The definition of etymology is basically the study of the origins and meanings of words. There are classifications like “folk etymology” which makes an attempt at changing the unfamiliar words to better known by really changing the form rather than the meaning. One example is the word female. Originally it was femella (Latin - femine- woman), but the English spelling came about because the people figured it had to come from male! Thus female was born. Anyways, etymology is an interesting study.

Back in the 15th century the word originated as a noun meaning "edge, rim," mid-15c., from M.Fr. verge "rod or wand of office," hence "scope, territory dominated," from L. virga "shoot, rod stick," of unknown origin. Earliest attested sense in English is now-obsolete meaning "male member, penis" (c.1400).” This last bit is particularly peculiar because of the meanings attributed to the word as it has evolved in language.

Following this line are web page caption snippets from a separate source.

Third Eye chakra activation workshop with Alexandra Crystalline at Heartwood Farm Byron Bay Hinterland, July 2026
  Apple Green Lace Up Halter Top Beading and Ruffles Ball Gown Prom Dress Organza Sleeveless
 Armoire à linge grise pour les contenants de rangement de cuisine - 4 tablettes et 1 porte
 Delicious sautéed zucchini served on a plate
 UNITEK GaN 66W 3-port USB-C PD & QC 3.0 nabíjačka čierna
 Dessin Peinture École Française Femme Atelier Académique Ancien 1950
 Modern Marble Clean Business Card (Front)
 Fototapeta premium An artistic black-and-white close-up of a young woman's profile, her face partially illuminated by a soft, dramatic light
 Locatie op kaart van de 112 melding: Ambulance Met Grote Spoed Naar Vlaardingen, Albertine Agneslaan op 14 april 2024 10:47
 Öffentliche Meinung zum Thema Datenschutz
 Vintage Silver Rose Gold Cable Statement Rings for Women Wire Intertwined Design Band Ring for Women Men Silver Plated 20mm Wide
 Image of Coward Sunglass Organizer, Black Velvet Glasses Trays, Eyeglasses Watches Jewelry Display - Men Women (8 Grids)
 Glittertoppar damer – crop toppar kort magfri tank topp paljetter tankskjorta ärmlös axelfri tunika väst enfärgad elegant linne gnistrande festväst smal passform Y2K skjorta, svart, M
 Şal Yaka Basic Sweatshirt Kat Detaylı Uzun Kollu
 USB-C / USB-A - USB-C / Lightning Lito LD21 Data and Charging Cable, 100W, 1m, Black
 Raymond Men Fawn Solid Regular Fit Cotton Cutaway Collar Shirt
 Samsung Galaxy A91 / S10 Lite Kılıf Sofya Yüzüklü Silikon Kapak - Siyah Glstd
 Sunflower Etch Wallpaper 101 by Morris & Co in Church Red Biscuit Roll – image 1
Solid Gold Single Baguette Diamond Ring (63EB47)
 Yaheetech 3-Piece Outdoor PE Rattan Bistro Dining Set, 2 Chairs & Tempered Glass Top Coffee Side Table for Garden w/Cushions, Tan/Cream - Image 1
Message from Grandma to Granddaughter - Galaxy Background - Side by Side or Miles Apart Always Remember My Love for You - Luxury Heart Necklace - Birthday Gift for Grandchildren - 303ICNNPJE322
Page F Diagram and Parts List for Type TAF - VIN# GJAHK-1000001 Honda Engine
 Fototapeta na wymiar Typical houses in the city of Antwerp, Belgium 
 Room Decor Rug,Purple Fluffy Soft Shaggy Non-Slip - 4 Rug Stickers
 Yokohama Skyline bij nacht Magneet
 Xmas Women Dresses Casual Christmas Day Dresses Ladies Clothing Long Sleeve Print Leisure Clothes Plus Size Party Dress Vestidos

“Modern sense is from the notion of within the verge (c.1500, also as Anglo-Fr. dedeinz la verge), i.e. "subject to the Lord High Steward's authority" (as symbolized by the rod of office), originally a 12-mile radius round the king's court. Sense shifted to "the outermost edge of an expanse or area." Meaning "point at which something happens" (as in on the verge of) is first attested c.1600.”  The usage for the point at which something happens is common now in titles of entertainment like “Women on the Verge of a Nervous Breakdown” (film and musical), or “Animals on the Verge of Extinction.”

The term is actually from French background. I looked up the Latin base which is ver meaning true. One word with this base is verisimilitude which means probable or having the appearance of truth. That could be tied in with the origins because around 1787 the word verge was meant to mean contiguous, to be on the verge or on the border. So, a true direction of sorts seems to be the evolution so far.

In the 17th century verge as a verb (vergere) translated as to bend, incline or turn. So it still had some inclination toward the original noun relating to an area, outermost edge, on the border. Three other words from verge pop up in the etymology, vergence, diverge and converge. The best I could find for the meaning of vergence is the turning of both eyes (at the same time) in opposite directions for a single binocular sight. Or vergence has a geological translation as a direction (up dip) in a fold, etc. Diverge means to bend or turn apart, to go in different directions. Converge means to incline together.

Verge List of Use in Quotes:

  • Faith consists in being vitally concerned with that ultimate reality to which I give the symbolical name of God. Whoever reflects earnestly on the meaning of life is on the verge of an act of faith. Paul Tillich.
  • Here, on the river's verge, I could be busy for months without changing my place, simply leaning a little more to right or left. Paul Cezanne.
  • All societies on the verge of death are masculine. A society can survive with only one man; no society will survive a shortage of women. Germaine Greer.
  • Between two worlds life hovers like a star, twixt night and morn, upon the horizon's verge. Lord Byron.